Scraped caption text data
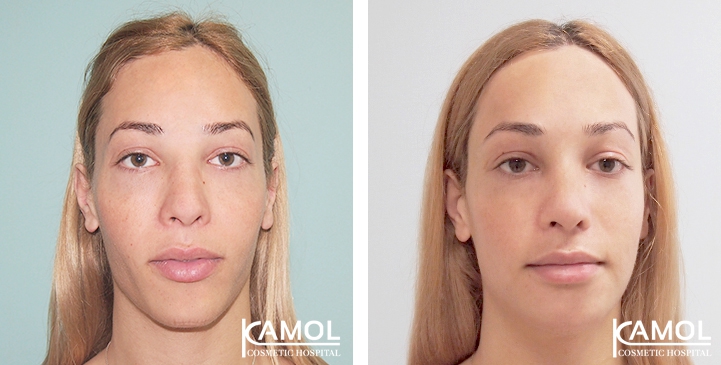 Before and After Forehead Compression
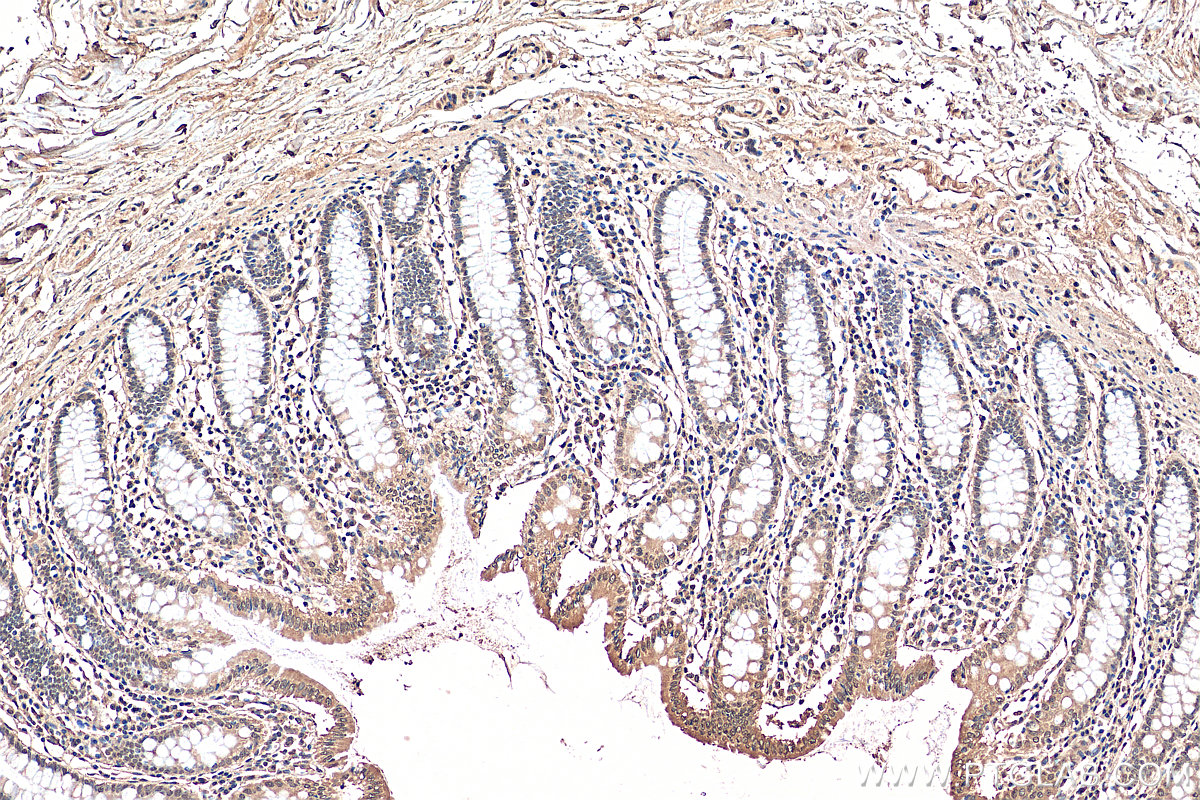 IHC staining of human colon using 15645-1-AP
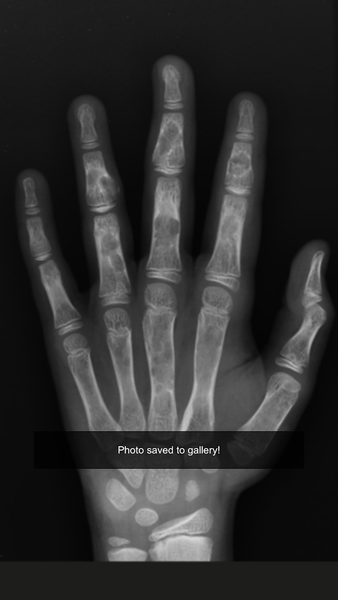 Xray scan filter camera - عکس برنامه موبایلی اندروید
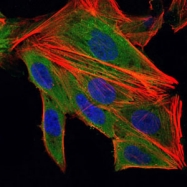 AM06692SU-N - Interleukin-1 beta / IL-1B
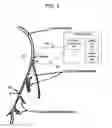 Fig. 04 - Methods and apparatus for treating anaphylaxis using electrical modulation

Task prompt:
Write out only the lines from the one that contains "Xray scan filter" through the last line of the records above, both included, word for word and without the pictures.

Answer below:
 Xray scan filter camera - عکس برنامه موبایلی اندروید
 AM06692SU-N - Interleukin-1 beta / IL-1B
 Fig. 04 - Methods and apparatus for treating anaphylaxis using electrical modulation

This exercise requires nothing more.